PROVIDED ENTRIES:
--- START ---
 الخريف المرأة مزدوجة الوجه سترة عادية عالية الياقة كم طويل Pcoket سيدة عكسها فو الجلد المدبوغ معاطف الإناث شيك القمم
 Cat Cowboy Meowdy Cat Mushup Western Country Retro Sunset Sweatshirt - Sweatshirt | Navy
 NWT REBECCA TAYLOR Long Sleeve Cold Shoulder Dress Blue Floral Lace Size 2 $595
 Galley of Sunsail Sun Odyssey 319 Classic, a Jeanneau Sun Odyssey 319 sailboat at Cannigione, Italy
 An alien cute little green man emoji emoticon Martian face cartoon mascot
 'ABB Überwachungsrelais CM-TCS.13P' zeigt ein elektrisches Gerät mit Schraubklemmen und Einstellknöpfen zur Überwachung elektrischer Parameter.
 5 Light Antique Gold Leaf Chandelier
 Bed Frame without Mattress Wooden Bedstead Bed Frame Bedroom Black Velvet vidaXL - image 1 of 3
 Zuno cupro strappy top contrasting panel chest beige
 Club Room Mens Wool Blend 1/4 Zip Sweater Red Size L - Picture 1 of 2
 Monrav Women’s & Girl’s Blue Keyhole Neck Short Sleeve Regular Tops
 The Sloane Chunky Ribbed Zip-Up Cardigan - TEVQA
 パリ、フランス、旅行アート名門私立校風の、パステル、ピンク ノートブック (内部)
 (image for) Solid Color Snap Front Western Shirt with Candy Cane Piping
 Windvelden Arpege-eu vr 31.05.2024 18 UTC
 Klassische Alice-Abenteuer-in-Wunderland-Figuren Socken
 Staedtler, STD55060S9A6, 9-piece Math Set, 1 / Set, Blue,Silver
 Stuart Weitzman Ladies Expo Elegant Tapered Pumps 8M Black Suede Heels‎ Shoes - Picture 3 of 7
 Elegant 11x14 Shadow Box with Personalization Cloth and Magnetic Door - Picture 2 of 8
--- END ---
WORK INSTRUCTION: Without any alteration, repeat the entire listing.

EXPECTED ANSWER:
 الخريف المرأة مزدوجة الوجه سترة عادية عالية الياقة كم طويل Pcoket سيدة عكسها فو الجلد المدبوغ معاطف الإناث شيك القمم
 Cat Cowboy Meowdy Cat Mushup Western Country Retro Sunset Sweatshirt - Sweatshirt | Navy
 NWT REBECCA TAYLOR Long Sleeve Cold Shoulder Dress Blue Floral Lace Size 2 $595
 Galley of Sunsail Sun Odyssey 319 Classic, a Jeanneau Sun Odyssey 319 sailboat at Cannigione, Italy
 An alien cute little green man emoji emoticon Martian face cartoon mascot
 'ABB Überwachungsrelais CM-TCS.13P' zeigt ein elektrisches Gerät mit Schraubklemmen und Einstellknöpfen zur Überwachung elektrischer Parameter.
 5 Light Antique Gold Leaf Chandelier
 Bed Frame without Mattress Wooden Bedstead Bed Frame Bedroom Black Velvet vidaXL - image 1 of 3
 Zuno cupro strappy top contrasting panel chest beige
 Club Room Mens Wool Blend 1/4 Zip Sweater Red Size L - Picture 1 of 2
 Monrav Women’s & Girl’s Blue Keyhole Neck Short Sleeve Regular Tops
 The Sloane Chunky Ribbed Zip-Up Cardigan - TEVQA
 パリ、フランス、旅行アート名門私立校風の、パステル、ピンク ノートブック (内部)
 (image for) Solid Color Snap Front Western Shirt with Candy Cane Piping
 Windvelden Arpege-eu vr 31.05.2024 18 UTC
 Klassische Alice-Abenteuer-in-Wunderland-Figuren Socken
 Staedtler, STD55060S9A6, 9-piece Math Set, 1 / Set, Blue,Silver
 Stuart Weitzman Ladies Expo Elegant Tapered Pumps 8M Black Suede Heels‎ Shoes - Picture 3 of 7
 Elegant 11x14 Shadow Box with Personalization Cloth and Magnetic Door - Picture 2 of 8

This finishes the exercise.